Friday, July 27, 2012

Won - Brave Fish by Vincent H. Chough


Title: Brave Fish: Identity, Love, Faith
Author: Vincent H. Chough
Publisher: CreateSpace
Release Date: December 20, 2011
Pages: 175 (ebook)
Date Won: July 27, 2012
Received: From Author via e-mail







Summary:

For anyone who seeks courage despite their frailty... there is Brave Fish.

An early spring afternoon... a life altering spiritual encounter. Opening with a story about doing anything for acceptance, including starving himself down to 105 pounds, this bold account follows the author's experience which leads to a lucrative career as a physician that he later abandons.

Brave Fish is an unrestricted exploration of betrayal, hypocrisy, addiction and coming of age in the 80´s in America. Eventually Chough leaves everything behind and moves to Argentina to find his mission in life. In the end healing, truth and love triumph.

Here are a few excerpts:

"It would be easy for me to dismiss the indulgences of my youth. I only sowed my wild oats as so many young people do. But I did not stop there. I then reaped the oat harvest, mashed it into mush and brewed the mush into thick beer full of sediment. Drunk and fat on what I had sowed, I pickled myself thoroughly completely drying out any last juices of the excuse of youth. My fangs sank deep into the smooth, translucent ivory neck of innocence, and I sucked deeply."

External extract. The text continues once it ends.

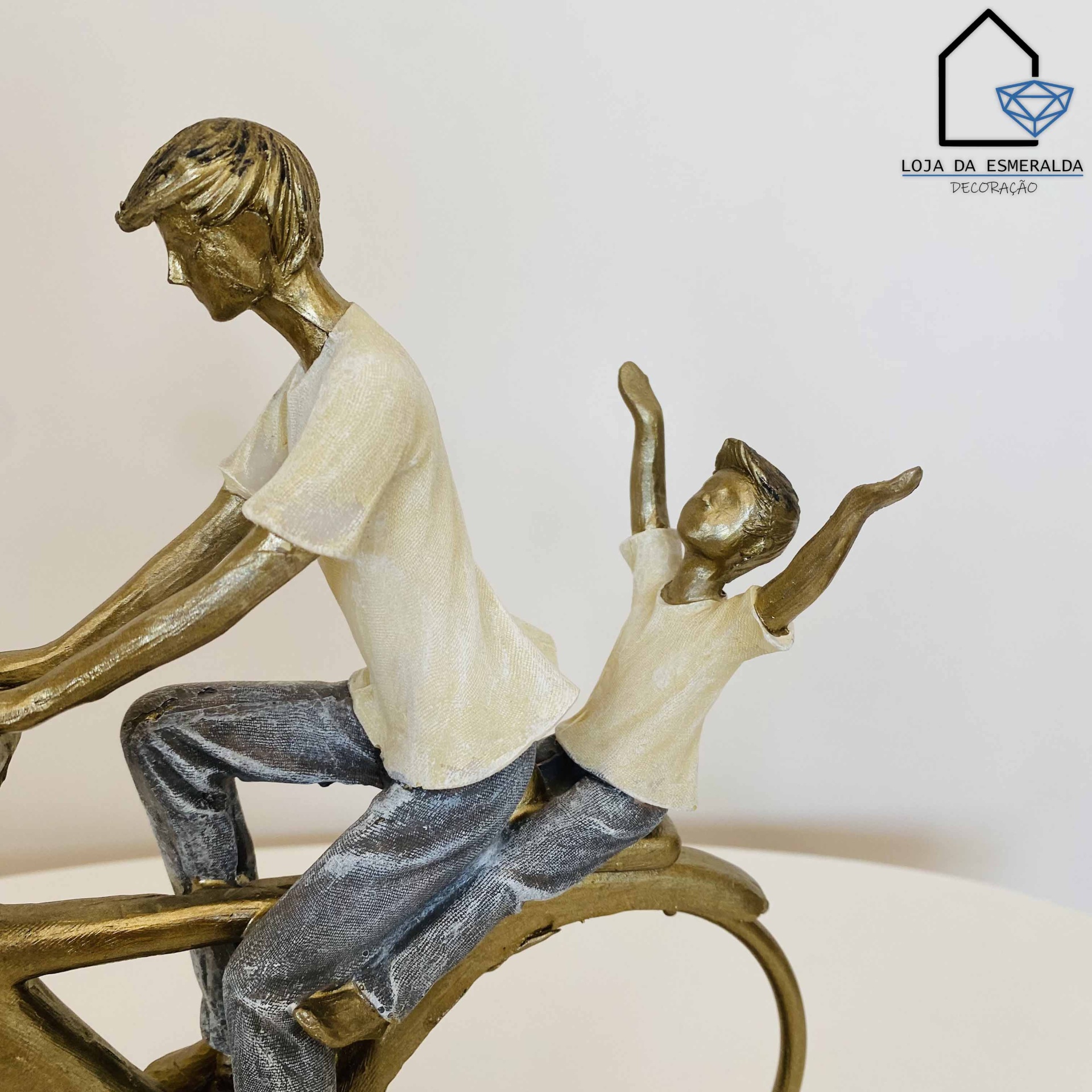 Escultura decorativa de duas figuras masculinas em bicicleta com logótipo de loja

"ON crisp autumn days Simon and I would plunge down on our bicycles into the valley behind his home. Our thick knobbed tires rolled and bounced us along into a wooded paradise. Joyfully his dog would surf the descent along side us leaping over trenches in the dirt path with her tongue flapping from between her teeth. Leaves carpeted the valley and reflected the sunlight breaking through a canopy of red, yellow, rust and lime, and the floor shined like liquid gold illuminating upward our cathedral of brotherhood. I never wanted those days to end."

"Is not joy, expressed at its most profound level, nearly indistinguishable from sorrow? We shed tears of pain and joy as our biology employs the same conduits for this expression.
The Man upon the cross. Exquisite joy, triumphant sorrow.
At this moment I do not waver, and I exercise tremendous courage, not from myself but from a higher source within me. If I were to execute this explanation on my own terms, a beautiful soliloquy of betrayal would have been woven into a tapestry already thick with lies. This night, however, I claim victory over my pettiness, over my need to save face, and over the fear of exposing my true self. I finally begin to walk in the sweet pastures of truth and light."